La machine du développement de Sahabo, village de la commune de Yamoussoukro, situé à une dizaine de kilomètres de la capitale politique et administrative s'alourdit de jour en jour.
Sur l'axe routier Yamoussoukro- Bouaflé, ce gros village d'environs cinq mille ( 5000) âmes, tuteur de la Gestoci, entreprise de stock de pétrole, s'arme au quotidien pour tracer les sillons du développement.

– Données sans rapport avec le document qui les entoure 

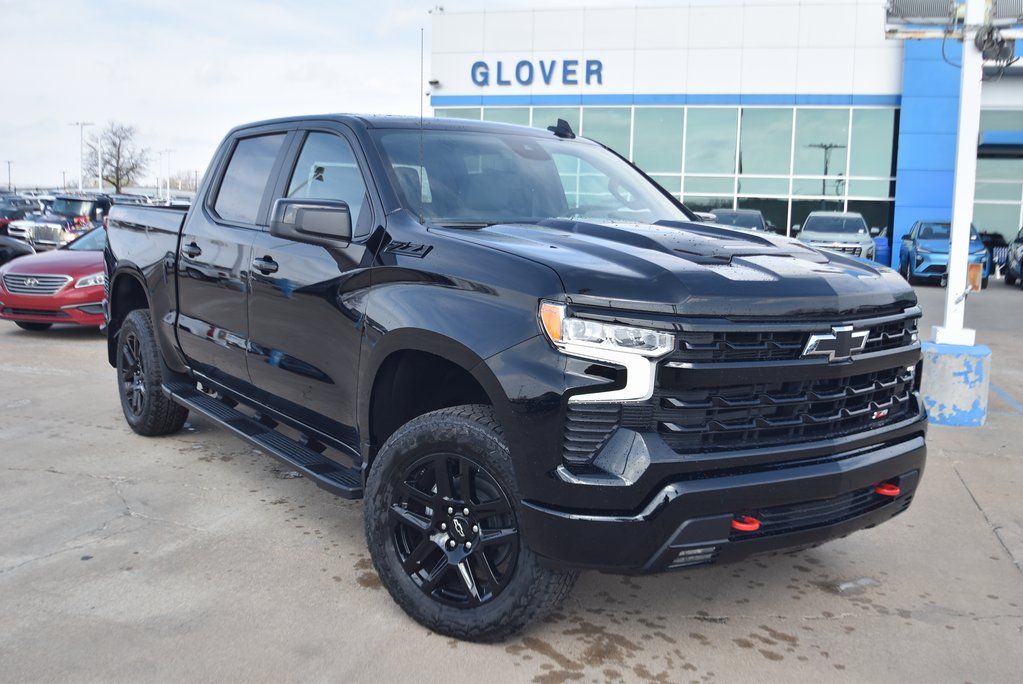 2026 Chevrolet Silverado 1500 LT Trail Boss Crew Cab 4WD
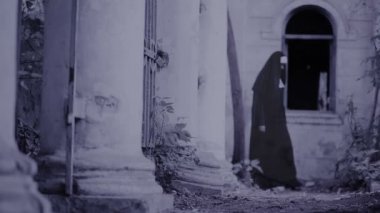 zombi rahibe. şeytani kadın Rahibe kostüm tapınağın yürüyüş. Cadılar Bayramı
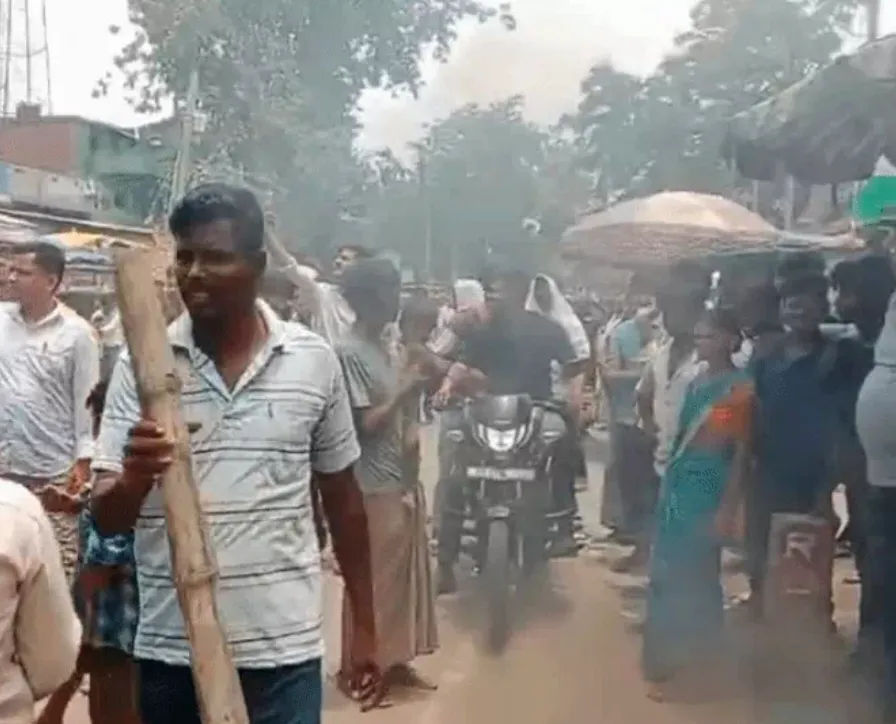 BIHAR CRIME : 10 रुपये के खातिर अरमान ने दीपू को पीट पीटकर मार डाला, इलाके में तनाव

Mais les stratégies mises en place par les têtes pensantes et les acteurs de développement dans leur ensemble semblent manquer de tonus. Les machines choisies des mains de maîtres et de profanes manquent d'huile pour l'alimentation du moteur.
Si l'huile est au niveau requis, on pourrait penser à la non qualification de certains de ses conducteurs.
La fraternité fragilisée par les intérêts individuels.Tout visiteur ayant connu Sahabo dans les années 1960, se croirait aujourd'hui face à un tableau peint par un peintre amateur, dépourvu d'accessoires de travail. Quand on foule le sol de ce village, construit de toutes pièces par ces sages chasseurs, on a de souvenirs que la solidarité, la vraie fraternité et la cohésion qui régnaient entre les grandes familles qui peuplent ce village.
« Tous nos ancêtres mangeaient dans la même assiette. Ce qui appartient à Nanan KONGOUET, appartient aussi à Nanan Titi. Mon fils, je suis au soir de ma vie. Mais, ce que je vois me fais dire qu'après nous, vous allez vivre comme les blancs. C'est dommage >>, Nanan N'Guessan M'BRA, chef du village de 1958 à 2016, prononçait ces mots en octobre 2015, deux mois avant son dernier souffle de vie.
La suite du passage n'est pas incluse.